System Design - How the Linux Process Scheduler (CFS) Works

Open Table of contents

Context
Virtual Runtime: The Key Abstraction
The Red-Black Tree
Scheduling a Task: pick_next_entity
Preemption: When to Switch
Waking Tasks: The Sleeper Fairness Problem
Nice Values and Weights
CPU Bandwidth Control (CFS Bandwidth)
Multi-Core: Load Balancing
EEVDF: The Next Generation (Linux 6.6+)
Putting It All Together: A Scheduling Cycle
Practical Implications
References

Context

Every program you run — a web server handling requests, a database crunching queries, or grep searching through files — needs CPU time. But a typical Linux server has far more runnable tasks than CPU cores. Somehow, the kernel must decide: which task runs next, and for how long?

This is the job of the process scheduler. It’s one of the most performance-critical pieces of the kernel. A bad scheduling decision means a user-facing request waits milliseconds longer than necessary, or a background batch job starves a critical service.

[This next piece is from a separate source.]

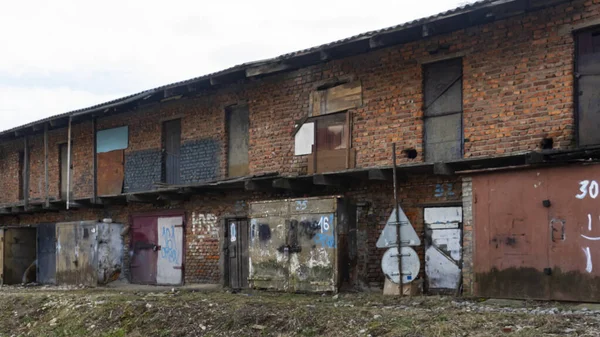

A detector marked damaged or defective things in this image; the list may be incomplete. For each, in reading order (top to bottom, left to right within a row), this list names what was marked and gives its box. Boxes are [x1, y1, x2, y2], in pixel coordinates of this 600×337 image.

Linux has used several schedulers over its history:

O(n) scheduler (Linux 2.4): Scanned the entire task list to find the next task. Simple but slow with many tasks.
O(1) scheduler (Linux 2.6.0): Used priority arrays with bitmaps. Fast, but had fairness problems with interactive workloads.
CFS — Completely Fair Scheduler (Linux 2.6.23, 2007): The current default scheduler, written by Ingo Molnár. Replaced heuristic-based priorities with a simple mathematical model of fairness.

The core idea of CFS is: give each task an equal share of CPU time, proportional to its weight. If you have 4 tasks of equal priority on one CPU, each should get 25% of the CPU. If one task uses more than its fair share, it gets preempted in favor of tasks that have used less.

  The fairness model:

  4 tasks on 1 CPU, all same priority (weight):

  Ideal (perfectly fair):    Each gets exactly 25%
  +--------+--------+--------+--------+
  | Task A | Task B | Task C | Task D |   <- repeated infinitely
  +--------+--------+--------+--------+

  Reality (discrete time):   CFS approximates this by always
                             running the task that has received
                             the LEAST CPU time so far.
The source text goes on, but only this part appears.